In a large sauce pot combine 2 ⅔ cup crushed, peeled peaches,2 tablespoons fresh lemon juice, 3 ⅓ cups white sugar, rind of a lemon. Stir to combine.
Over medium high heat, bring the jam to a full rolling boil. Stir to prevent scorching.
Once the jam has come to a full rolling boil that does not subside when stirred, continue to stir fir 1 minute.
After the 1 minute at a full rolling boil, add ½ Tablespoon of butter. This will help to reduce the foam.
Add 3 tablespoons of powder pectin to the pot and stir to combine.
Bring the jam back to a full rolling boil for 1 minute.

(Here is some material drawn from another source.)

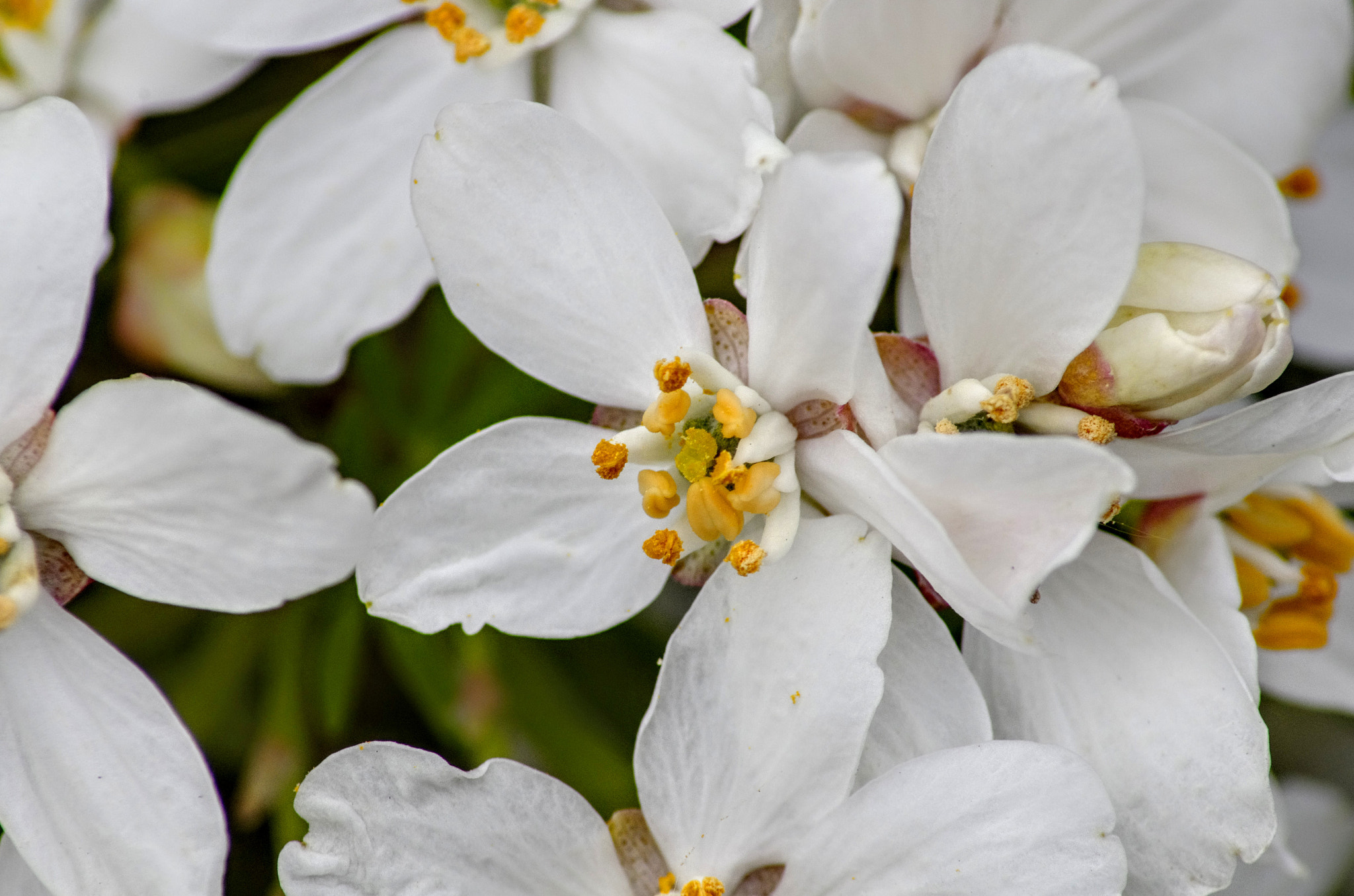 Tamron AF 70-300mm F4-5.6 Di LD Macro sample photo. Folwers photography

Be sure to stir the entire time to prevent burning.
After the minute of rolling boil, remove the lemon rind.
Skim off the foam or scum off the top of the jam.
The jam is now ready to be jared.
How to can peach jam.
Sterilize canning jars in boiling water,
Ladle the hot jam into the hot jars leaving ¼ inch between the top of the jam and the top of the jar.
Wipe down the rim of each jar to remove any stickiness.
Place a new, clean lid on each jar.
Finger tighten a clean ring on each jar of jam.
Carefully lower the jars into a boiling water bath on the stove.
Boil for 10 minutes.
After processing, carefully remove from the water bath and place the jars on a heat safe surface.
Allow to come to room temperature before removing the rings.
Store in a cool dry place for up to a year.
Once the jam is open, store in the refrigerator.